Demos gracias a Dios, que quiso bendecir a esta Iglesia particular, de
la que formamos parte, y que movió la iniciativa pastoral del entonces obispo
de Badajoz, nuestro querido D. Antonio Montero para iniciar y orientar los
trabajos sinodales.
6.- Pero esta celebración, que ha de llevarnos del recuerdo gozoso y
agradecido, a la responsabilidad propia de los miembros de la Iglesia
diocesana, supone para nosotros unas muy serias llamadas del Señor.
En primer lugar, el Señor nos llama a que procuremos la propia
capacitación personal para ser testigos fidedignos de Jesucristo.
En segundo lugar nos llama a la colaboración parroquial y diocesana.
Es preciso que la Iglesia cuente con los medios necesarios para convocar, para
acoger y para atender a los fieles cristianos y a los hijos de Dios que andan
dispersos. A ello nos urge la convocatoria a la Nueva Evangelización.
En tercer lugar, y de modo simultáneo, esta celebración nos llama a
fortalecer la propia fe, de modo que el conocimiento de los misterios del Señor
transforme nuestra vida con la gracia del Espíritu Santo.
7.- Todo ello constituye las bases de un proyecto personal ordenado a
la propia renovación interior. Dicha transformación no puede ir separada de la
formación doctrinal necesaria para ser capaces de dar razón de nuestra
esperanza con obras y palabras.

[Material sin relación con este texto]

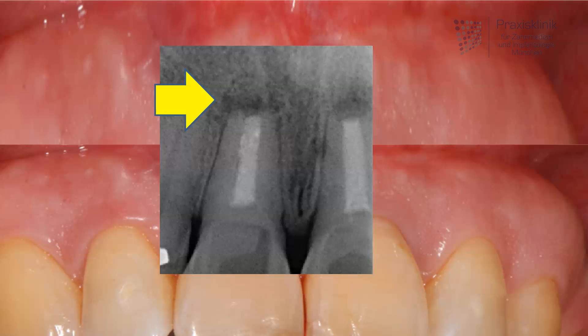This small yellow arrow indicates the inflammation on the tip of the roots, which have been removed by a previous apicoectomy. This apicoectomy has not been successful — as you can see, the bone inflammation always looks a little bit darker on the x-ray than healthy bone.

Y, contando con la formación doctrinal y con la
transformación interior, el compromiso a que nos lanza esta celebración se
extiende al deber de procurar nuevas formas de acción pastoral y apostólica.

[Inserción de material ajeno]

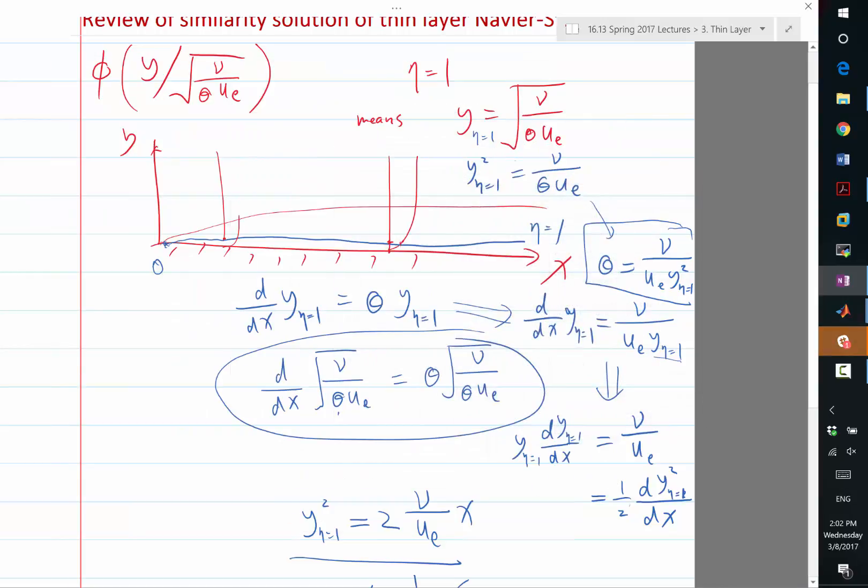The displacement thickness is a key quantity that goes from the boundary layer solution to the outside flow solution. That's the way the boundary layer and outside are coupled. The boundary layer tells the outside flow solution what its displacement thickness is.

Para ellas nos ofrece las oportunas orientaciones el Sínodo cuyo aniversarios
estamos celebrando.
8.- Pido al Señor que tanto la celebración del Sínodo en su momento,
como la memoria de este acontecimiento y del Concilio Vaticano II que lo
motivó, estimulen la renovación de la vida diocesana en sus pastores, en sus
fieles y en las estructuras y servicios que han de apoyar la acción
evangelizadora imprescindible en nuestra sociedad.